I thought about the corridor kiss. The breakfast announcement. How my name sounded in his voice, like it was something he’d been waiting to say.

“Not...exactly.”

Kirsten studied me for a long moment. Then she nodded. “If that changes, you come to me. I don’t care who he is.”

I almost cried. I didn’t, because I was standing in a supply closet surrounded by printer cartridges and that felt like an undignified place for an emotional breakdown, but the impulse was there.

Because Kirsten meant it. She would take on the Prince of Atlantis for me, and she’s five-foot-three and human and probably couldn’t take on a moderately aggressive squirrel, but she would try, and that mattered.

My mom calls every day now instead of just Sundays.

She has opinions about wedding colors. She has sent me fourteen articles about preter-human marriages from various lifestyle magazines.

She has started a group chat with three of her friends called “Zia’s Royal Wedding Planning Committee” that I was added to without my consent and still can’t figure out how to leave, no matter how many times I mute it.

I haven’t told her I haven’t actually said yes.

And that brings us to kiss number four, which happened approximately two hours ago, which is why I’m currently sitting in a bathroom stall on the sixteenth floor texting Trish and begging for tips on how to resist a guy who’s irresistible in every way.

Aaargh!

I put my phone away and press my hands against my face and try to remember what it felt like to be a person whose biggest daily concern was whether Beans 4 U would survive another health inspection.

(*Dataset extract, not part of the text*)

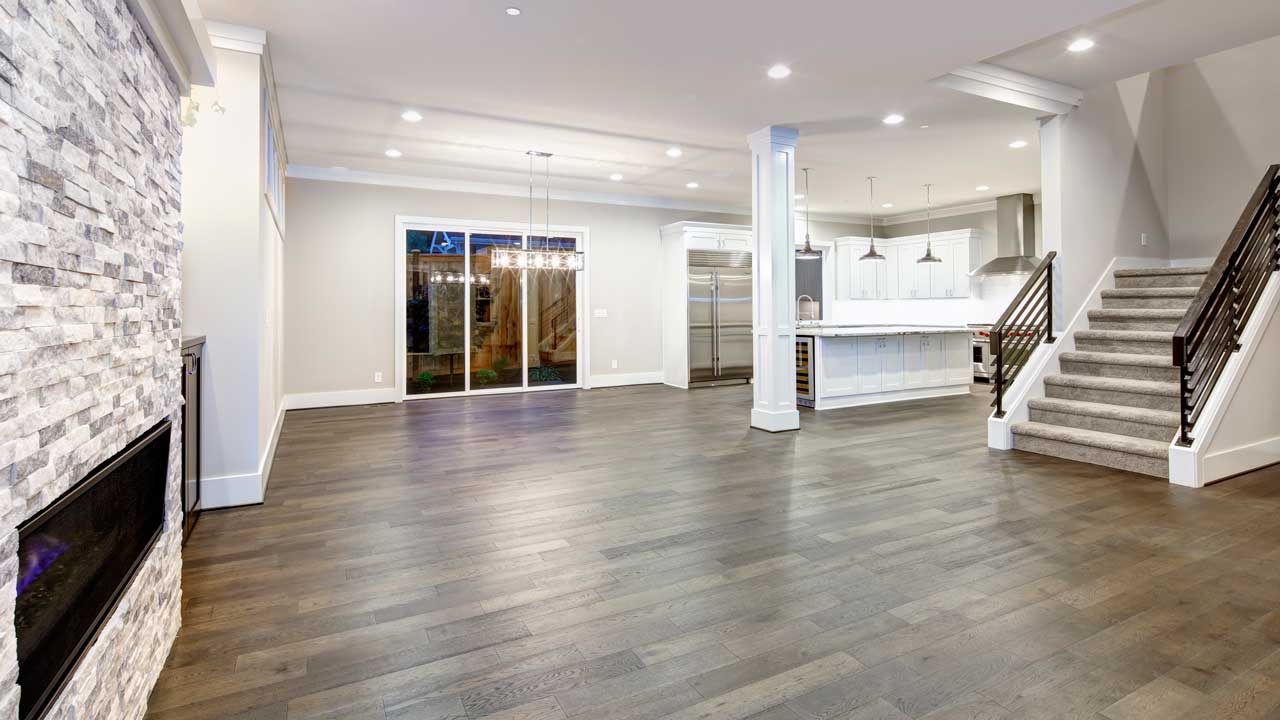 Hardwood flooring installation will enhance the visual appeal and value of any building.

A person who went home to her third-floor studio apartment with the window she leaves cracked because there’s no central air and the landlord’s idea of climate control is a motivational poster that says STAY COOL, and ate onigiri alone and didn’t think about princes.

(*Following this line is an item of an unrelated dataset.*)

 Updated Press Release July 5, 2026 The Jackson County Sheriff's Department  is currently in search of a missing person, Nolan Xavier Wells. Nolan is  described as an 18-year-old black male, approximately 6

Because here is the thing I haven’t said out loud, not to Trish, not to my mom, not even to myself in the privacy of my own apartment at night when the books on my windowsill catch the lamplight and the silence is thick enough to hold secrets.

I’m not stopping him.

He keeps kissing me, and I keep not stopping him, and the reasons I’m not stopping him have nothing to do with the power imbalance or the fact that he’s my employer or the engagement that I didn’t agree to that the entire preter world is apparently celebrating.

I’m not stopping him because I don’t want to.

Each kiss takes a piece of the wall I built after Billy and dissolves it. Not violently. Not with force. With patience. With the quiet certainty of a man who has decided something and has a lifetime of practice at waiting for the rest of the world to catch up.

He notices things.

That’s the part that’s destroying me.